Plumhoff, M. 2021. Management legacy effects on cover crop productivity and potential to reduce nutrient leaching from farms. Thesis, University of Michigan, Ann Arbor MI.
Cover cropping is an ecological management practice that provides a variety of ecosystem functions to farms, such as increasing soil organic matter content and improving nutrient retention. Background soil fertility due to unique management legacies is expected to influence the productivity of cover crops and subsequently mediate their effects on ecosystem functions related to nutrient retention. We used a long-term experiment at Michigan State University’s Kellogg Biological Station to test the legacy effects of four distinct management systems (ranging from conventional to certified organic) on the production and function of crimson clover and cereal rye cover crops grown alone and in mixture, with a focus on the potential to reduce nitrate leaching. Cover crops were planted following winter wheat harvest in the summer of 2019 and corn was planted in all treatments the following spring after cover crop termination. We applied bromide as a conservative tracer of water and anion flow in the soil profile to assess management legacy and cover crop treatment effects on potential anion leaching.

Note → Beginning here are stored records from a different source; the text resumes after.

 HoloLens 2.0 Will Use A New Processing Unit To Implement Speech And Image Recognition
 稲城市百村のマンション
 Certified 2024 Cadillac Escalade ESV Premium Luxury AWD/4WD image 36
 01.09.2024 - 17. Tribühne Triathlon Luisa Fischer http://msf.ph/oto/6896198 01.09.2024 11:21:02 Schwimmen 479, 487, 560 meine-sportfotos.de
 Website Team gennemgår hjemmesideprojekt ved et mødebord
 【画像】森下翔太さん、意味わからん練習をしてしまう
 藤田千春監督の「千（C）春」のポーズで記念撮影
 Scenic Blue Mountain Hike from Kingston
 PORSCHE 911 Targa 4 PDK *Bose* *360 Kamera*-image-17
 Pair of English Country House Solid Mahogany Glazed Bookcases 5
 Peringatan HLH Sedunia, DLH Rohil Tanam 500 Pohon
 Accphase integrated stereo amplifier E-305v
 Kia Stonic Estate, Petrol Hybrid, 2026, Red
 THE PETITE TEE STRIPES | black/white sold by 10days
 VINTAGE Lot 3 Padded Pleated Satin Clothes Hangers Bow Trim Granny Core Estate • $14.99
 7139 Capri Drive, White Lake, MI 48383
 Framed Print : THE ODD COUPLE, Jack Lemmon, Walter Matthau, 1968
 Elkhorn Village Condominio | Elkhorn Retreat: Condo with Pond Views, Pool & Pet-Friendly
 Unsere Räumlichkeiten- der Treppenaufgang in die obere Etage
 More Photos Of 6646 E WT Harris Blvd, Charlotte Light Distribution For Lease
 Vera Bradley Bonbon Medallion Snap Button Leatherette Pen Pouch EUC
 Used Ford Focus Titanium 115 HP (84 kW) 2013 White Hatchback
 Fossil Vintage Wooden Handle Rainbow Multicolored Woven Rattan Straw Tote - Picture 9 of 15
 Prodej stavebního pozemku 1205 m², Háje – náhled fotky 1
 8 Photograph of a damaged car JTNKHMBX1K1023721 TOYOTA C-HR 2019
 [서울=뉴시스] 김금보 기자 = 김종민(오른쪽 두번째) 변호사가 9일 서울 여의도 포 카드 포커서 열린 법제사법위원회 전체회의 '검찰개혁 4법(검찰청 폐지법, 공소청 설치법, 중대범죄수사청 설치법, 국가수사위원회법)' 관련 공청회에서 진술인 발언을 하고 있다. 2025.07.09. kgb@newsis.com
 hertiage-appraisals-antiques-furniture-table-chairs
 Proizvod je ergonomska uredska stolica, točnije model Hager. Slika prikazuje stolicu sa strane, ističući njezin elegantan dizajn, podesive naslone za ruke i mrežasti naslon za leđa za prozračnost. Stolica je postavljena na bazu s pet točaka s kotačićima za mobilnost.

We found that via changes to soil fertility, management legacies influenced cover crop productivity and species composition in mixture: in the legacies with lower soil fertility, crimson clover was more competitive than rye and dominated the mixture. Legacies with higher soil fertility—which were those with a history of ecological nutrient management—had higher average cover crop biomass (mean = 3357 kg ha-1) and a higher percent recovery of bromide (mean = 33.28%), an estimate of soil anion retention. Further, percent recovery of bromide was positively correlated with cover crop biomass (r2=.17) and the free particulate organic matter fraction (r2=.29), indicating that the effect of management legacy on cover crop function is mediated by cover crop production and background soil fertility. This experiment reveals complex interactions between soil fertility, cover crop growth, and nutrient leaching potential that depend on soil conditions resulting from specific management regimes.